Fish Head or Sheep’s Head? Your Answer May Indicate Your Ancestry

Executive director Daniel Golfeiz, left, and Rabbi Rouben Arieh of Ohr Hamizrach Sephardic Center

While Rosh Hashanah and Yom Kippur are certainly the most important and sacred of Jewish holidays throughout the Diaspora, people who hail from different parts of the globe mark the High Holidays in varying ways. For Sephardic Jews, traditions may be similar to Ashkenazi, but customs and even foods differ based on regions and interpretations of Jewish law.

One of the marked differences is that Sephardic Jews begin the traditional prayer services of repentance, or Selichot, 40 days before Yom Kippur, instead of 10 days.

“Our custom is to start, according to Shulchan Aruch [a code of Jewish law written by Sephardi Joseph Caro], 40 days before Rosh Hashanah and Yom Kippur, because that 40 days was the time for forgiveness,” said Rabbi Rouben Arieh, spiritual leader of Ohr Hamizrach Sephardic Center.

Founded by Iranian Jews, the shul is about 80 percent Iranian now, according to Ohr Hamizrach executive director Daniel Golfeiz. Membership has grown from its original core of young Persian men escaping an oppressive Iranian regime to more than 150 families. That number swells to 350 to 400 for High Holiday services.

“I would say our second generation now is in full swing. The kids that were born and raised here and attended the day school here are married now and have their own children,” Golfeiz said. “And they are part of us and they have their own minyan in the shul. We are very proud of them.”

For most Jews, the commemoration of the High Holidays and the new year means sweet foods, and a hope for a sweet year to come. For Ashkenazim that means dipping apples in honey.

“The Sephardic tradition goes, we have more than apple and honey,” Golfeiz said.

Arieh agrees. “The Ashkenazi, they eat the honey most,” he said. “A lot of honeys. But we’re not used to so much honey.”

For Sephardic Jews, dates, honey made from dates and pomegranates help ring in that sweet new year.

“Basically we start with dates,” Golfeiz said. “Obviously, everything is sweet that night. We don’t eat anything that is not sweet.”

Like the Ashkenazi, the Sephardim eat foods that carry symbolic weight and have prescribed blessings that accompany the food.
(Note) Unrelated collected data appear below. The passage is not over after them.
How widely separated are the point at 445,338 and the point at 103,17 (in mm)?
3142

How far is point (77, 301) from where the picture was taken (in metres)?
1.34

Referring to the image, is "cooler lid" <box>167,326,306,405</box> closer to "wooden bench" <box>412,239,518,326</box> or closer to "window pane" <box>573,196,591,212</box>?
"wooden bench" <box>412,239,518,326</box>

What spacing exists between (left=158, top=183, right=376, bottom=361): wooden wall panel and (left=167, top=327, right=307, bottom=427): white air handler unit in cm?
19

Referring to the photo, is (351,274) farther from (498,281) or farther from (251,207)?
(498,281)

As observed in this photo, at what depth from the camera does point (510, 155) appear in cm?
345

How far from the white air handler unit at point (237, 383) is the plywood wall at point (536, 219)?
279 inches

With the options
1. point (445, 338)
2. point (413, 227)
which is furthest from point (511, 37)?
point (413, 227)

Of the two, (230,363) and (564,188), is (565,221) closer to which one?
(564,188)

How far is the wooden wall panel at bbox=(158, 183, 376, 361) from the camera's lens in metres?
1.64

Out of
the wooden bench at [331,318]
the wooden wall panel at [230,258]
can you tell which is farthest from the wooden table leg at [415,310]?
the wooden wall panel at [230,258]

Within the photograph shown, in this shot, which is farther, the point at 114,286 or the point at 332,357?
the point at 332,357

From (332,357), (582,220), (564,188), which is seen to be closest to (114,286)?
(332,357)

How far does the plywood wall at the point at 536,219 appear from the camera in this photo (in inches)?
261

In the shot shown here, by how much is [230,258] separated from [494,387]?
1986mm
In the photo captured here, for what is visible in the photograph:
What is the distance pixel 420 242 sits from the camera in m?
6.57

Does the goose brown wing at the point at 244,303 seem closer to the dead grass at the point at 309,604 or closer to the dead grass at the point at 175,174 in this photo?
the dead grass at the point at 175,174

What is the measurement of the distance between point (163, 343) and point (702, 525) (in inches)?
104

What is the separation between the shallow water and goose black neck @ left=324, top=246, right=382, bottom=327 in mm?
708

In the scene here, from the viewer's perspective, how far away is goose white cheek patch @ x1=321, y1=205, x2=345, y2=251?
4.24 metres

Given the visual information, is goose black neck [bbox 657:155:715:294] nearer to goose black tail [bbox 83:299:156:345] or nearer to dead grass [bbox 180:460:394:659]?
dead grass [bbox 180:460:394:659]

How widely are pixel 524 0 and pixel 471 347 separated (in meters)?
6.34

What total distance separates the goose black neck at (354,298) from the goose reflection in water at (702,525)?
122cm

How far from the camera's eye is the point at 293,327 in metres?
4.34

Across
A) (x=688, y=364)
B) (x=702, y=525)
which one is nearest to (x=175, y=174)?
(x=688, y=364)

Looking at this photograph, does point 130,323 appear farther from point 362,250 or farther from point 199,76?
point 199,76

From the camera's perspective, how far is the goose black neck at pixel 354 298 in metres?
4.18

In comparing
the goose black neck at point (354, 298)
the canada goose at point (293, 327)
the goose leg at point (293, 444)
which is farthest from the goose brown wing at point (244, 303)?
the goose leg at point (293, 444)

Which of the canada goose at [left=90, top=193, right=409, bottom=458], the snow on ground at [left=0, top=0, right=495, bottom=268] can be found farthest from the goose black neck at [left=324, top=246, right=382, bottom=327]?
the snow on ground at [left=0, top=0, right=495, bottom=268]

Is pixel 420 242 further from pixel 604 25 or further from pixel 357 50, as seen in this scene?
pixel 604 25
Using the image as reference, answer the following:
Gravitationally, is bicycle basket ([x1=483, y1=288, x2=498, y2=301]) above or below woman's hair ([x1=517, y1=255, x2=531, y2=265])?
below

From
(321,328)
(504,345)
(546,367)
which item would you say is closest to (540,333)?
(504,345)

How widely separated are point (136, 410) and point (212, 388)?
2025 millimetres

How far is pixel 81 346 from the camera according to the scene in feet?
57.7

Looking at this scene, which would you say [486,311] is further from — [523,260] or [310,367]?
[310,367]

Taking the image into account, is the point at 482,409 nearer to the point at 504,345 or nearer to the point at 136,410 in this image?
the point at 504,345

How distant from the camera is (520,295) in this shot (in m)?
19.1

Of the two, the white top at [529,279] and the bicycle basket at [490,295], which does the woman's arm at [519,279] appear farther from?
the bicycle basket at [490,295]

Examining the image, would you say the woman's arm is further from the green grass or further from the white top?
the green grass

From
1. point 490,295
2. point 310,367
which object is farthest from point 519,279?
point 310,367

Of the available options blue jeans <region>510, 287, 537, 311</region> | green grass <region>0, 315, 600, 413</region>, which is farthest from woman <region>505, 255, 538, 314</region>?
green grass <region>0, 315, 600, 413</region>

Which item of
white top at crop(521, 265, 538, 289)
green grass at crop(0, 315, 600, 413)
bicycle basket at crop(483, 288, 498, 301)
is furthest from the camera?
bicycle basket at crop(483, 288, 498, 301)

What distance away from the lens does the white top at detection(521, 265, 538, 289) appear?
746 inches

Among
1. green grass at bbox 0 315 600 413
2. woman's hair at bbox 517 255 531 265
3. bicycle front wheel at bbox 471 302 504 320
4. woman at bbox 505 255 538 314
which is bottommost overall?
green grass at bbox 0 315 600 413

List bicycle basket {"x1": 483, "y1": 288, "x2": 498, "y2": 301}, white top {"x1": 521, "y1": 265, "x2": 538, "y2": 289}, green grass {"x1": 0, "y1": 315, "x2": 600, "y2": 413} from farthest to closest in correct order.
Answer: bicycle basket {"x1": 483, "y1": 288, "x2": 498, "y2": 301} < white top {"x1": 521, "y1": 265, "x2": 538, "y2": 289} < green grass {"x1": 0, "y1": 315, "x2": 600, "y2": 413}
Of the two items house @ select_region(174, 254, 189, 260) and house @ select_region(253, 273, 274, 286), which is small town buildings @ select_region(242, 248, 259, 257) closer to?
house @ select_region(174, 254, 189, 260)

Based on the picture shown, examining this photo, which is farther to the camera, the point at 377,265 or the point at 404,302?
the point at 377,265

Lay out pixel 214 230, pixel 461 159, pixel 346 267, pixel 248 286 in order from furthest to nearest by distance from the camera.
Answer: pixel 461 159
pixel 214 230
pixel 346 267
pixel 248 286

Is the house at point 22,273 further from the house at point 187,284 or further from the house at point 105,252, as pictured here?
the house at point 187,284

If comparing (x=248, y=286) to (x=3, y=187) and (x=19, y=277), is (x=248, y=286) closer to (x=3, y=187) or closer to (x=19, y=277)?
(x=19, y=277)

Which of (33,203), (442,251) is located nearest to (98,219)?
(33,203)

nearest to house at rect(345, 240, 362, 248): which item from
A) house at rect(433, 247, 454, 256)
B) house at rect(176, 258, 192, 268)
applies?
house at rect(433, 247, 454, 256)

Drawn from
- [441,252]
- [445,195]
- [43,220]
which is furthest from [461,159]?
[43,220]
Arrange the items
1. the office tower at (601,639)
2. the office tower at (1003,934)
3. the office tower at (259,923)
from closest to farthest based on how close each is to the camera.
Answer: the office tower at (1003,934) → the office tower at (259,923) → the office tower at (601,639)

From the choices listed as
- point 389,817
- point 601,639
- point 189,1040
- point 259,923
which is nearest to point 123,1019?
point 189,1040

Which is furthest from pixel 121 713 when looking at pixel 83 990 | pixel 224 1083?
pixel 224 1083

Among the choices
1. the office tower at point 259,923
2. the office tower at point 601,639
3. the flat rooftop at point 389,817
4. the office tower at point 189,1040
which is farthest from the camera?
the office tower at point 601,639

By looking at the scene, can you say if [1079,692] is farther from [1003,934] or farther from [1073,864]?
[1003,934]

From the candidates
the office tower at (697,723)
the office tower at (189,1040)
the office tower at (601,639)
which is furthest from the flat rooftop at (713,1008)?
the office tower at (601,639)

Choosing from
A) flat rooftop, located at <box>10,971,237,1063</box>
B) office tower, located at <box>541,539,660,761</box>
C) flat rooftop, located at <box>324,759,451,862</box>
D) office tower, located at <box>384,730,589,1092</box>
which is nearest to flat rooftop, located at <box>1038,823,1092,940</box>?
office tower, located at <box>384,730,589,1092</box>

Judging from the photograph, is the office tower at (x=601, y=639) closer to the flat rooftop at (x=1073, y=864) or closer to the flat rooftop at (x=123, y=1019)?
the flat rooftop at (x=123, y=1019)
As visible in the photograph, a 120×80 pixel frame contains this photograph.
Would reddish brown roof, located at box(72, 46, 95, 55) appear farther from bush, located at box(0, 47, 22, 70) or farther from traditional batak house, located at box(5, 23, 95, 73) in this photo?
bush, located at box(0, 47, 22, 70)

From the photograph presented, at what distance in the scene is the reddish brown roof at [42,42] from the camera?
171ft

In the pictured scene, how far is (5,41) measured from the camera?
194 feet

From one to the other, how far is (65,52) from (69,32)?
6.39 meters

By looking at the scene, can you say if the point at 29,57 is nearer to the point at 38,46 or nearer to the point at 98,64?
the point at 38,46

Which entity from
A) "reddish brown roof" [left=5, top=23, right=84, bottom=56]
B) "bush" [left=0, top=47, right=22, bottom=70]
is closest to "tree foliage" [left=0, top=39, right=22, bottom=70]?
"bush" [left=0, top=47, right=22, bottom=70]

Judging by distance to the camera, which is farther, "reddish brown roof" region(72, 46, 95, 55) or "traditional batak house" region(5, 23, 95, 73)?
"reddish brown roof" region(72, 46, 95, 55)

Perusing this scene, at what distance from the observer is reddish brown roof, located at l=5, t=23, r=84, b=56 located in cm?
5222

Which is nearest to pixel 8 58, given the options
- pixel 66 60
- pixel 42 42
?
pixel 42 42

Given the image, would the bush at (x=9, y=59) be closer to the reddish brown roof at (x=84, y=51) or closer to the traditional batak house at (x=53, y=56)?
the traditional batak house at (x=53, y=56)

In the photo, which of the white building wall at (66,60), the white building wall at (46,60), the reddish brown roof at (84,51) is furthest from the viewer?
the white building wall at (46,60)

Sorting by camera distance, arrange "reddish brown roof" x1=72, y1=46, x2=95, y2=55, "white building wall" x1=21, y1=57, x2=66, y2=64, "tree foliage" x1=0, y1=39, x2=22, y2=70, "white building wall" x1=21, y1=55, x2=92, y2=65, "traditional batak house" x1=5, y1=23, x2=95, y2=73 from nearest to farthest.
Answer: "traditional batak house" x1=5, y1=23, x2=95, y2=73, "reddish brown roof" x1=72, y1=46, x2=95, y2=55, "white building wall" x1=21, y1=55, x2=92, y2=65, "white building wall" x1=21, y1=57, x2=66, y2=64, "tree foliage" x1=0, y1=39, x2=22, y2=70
For black-eyed beans, the Hebrew name is rubiyah. “And rubiyah comes from a word that means to increase and get married and to multiply like the beans. And also should be for increase of our merit,” Arieh said.

The name of the squash is k’ra’a and is similar to kara, which means “tearing.” The blessing for the squash is, “May it be your will, God, to tear away all evil decrees against us, as our merits are proclaimed before you.”


Pomegranates are for sweetness, but also to encourage Jews to perform many mitzvot during the coming year.

“We do a lot of mitzvots, because the pomegranate, they say it has 613 seeds, is equivalent to the 613 mitzvot prescribed in the Torah,” Golfeiz said.

Sephardic Jews also eat leeks and beets, but perhaps the tradition most different between the two cultures is the food eaten to remind Jews to be leaders, not followers. For Ashkenazi the tradition is the head of a fish. For the Sephardim it is the head of a lamb or sheep.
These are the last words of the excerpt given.